[Start of section]
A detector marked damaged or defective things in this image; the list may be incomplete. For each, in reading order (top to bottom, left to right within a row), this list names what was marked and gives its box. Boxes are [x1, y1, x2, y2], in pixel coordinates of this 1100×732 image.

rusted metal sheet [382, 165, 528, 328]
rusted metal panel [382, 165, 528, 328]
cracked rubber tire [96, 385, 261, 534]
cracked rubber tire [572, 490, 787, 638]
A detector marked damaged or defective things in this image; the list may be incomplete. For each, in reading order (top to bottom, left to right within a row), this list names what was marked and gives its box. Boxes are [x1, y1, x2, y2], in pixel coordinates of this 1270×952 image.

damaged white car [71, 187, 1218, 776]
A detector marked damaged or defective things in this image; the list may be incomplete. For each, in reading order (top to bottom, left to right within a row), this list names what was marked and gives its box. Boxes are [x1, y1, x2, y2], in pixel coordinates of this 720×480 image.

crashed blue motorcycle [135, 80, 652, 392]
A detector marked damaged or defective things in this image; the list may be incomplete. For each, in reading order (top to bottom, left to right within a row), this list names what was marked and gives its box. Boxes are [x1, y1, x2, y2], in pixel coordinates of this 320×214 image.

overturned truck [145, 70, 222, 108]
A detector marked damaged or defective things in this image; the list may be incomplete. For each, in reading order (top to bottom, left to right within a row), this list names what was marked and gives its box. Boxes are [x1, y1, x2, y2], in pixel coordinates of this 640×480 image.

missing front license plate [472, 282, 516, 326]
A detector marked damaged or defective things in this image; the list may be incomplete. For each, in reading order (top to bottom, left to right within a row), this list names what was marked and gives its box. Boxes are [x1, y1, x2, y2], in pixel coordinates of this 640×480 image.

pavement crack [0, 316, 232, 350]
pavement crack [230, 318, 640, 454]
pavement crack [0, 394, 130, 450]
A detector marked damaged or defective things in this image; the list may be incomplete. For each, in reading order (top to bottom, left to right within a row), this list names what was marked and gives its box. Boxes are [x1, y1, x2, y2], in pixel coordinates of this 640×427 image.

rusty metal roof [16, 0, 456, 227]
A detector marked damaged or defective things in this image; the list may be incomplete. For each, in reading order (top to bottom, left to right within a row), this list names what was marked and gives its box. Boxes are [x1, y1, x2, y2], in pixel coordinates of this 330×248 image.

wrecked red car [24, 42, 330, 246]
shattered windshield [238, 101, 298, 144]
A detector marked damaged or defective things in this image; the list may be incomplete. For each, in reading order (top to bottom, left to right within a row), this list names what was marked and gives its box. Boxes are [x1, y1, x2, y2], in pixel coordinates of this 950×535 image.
[End of section]
= Assignment =
Without any alteration, the preceding material should be retyped in full.

= Result of this exercise =
A detector marked damaged or defective things in this image; the list may be incomplete. For each, in reading order (top to bottom, left to right within a row), this list names what was marked and gives its box. Boxes are [x1, y1, x2, y2], in pixel coordinates of this 1100×732 image.

rusted metal sheet [382, 165, 528, 328]
rusted metal panel [382, 165, 528, 328]
cracked rubber tire [96, 385, 261, 534]
cracked rubber tire [572, 490, 787, 638]
A detector marked damaged or defective things in this image; the list may be incomplete. For each, in reading order (top to bottom, left to right within a row), this list names what was marked and gives its box. Boxes are [x1, y1, x2, y2], in pixel coordinates of this 1270×952 image.

damaged white car [71, 187, 1218, 776]
A detector marked damaged or defective things in this image; the list may be incomplete. For each, in reading order (top to bottom, left to right within a row), this list names what was marked and gives its box. Boxes are [x1, y1, x2, y2], in pixel coordinates of this 720×480 image.

crashed blue motorcycle [135, 80, 652, 392]
A detector marked damaged or defective things in this image; the list may be incomplete. For each, in reading order (top to bottom, left to right within a row), this list names what was marked and gives its box. Boxes are [x1, y1, x2, y2], in pixel coordinates of this 320×214 image.

overturned truck [145, 70, 222, 108]
A detector marked damaged or defective things in this image; the list may be incomplete. For each, in reading order (top to bottom, left to right within a row), this list names what was marked and gives its box. Boxes are [x1, y1, x2, y2], in pixel coordinates of this 640×480 image.

missing front license plate [472, 282, 516, 326]
A detector marked damaged or defective things in this image; the list may be incomplete. For each, in reading order (top to bottom, left to right within a row), this list names what was marked and gives its box. Boxes are [x1, y1, x2, y2], in pixel coordinates of this 640×480 image.

pavement crack [0, 316, 232, 350]
pavement crack [230, 318, 640, 454]
pavement crack [0, 394, 130, 450]
A detector marked damaged or defective things in this image; the list may be incomplete. For each, in reading order (top to bottom, left to right within a row), this list names what was marked and gives its box. Boxes are [x1, y1, x2, y2], in pixel coordinates of this 640×427 image.

rusty metal roof [16, 0, 456, 227]
A detector marked damaged or defective things in this image; the list may be incomplete. For each, in reading order (top to bottom, left to right within a row), this list names what was marked and gives its box. Boxes are [x1, y1, x2, y2], in pixel coordinates of this 330×248 image.

wrecked red car [24, 42, 330, 246]
shattered windshield [238, 101, 298, 144]
A detector marked damaged or defective things in this image; the list may be incomplete. For each, in reading order (top to bottom, left to right within a row), this list names what was marked and gives its box. Boxes are [x1, y1, x2, y2], in pixel coordinates of this 950×535 image.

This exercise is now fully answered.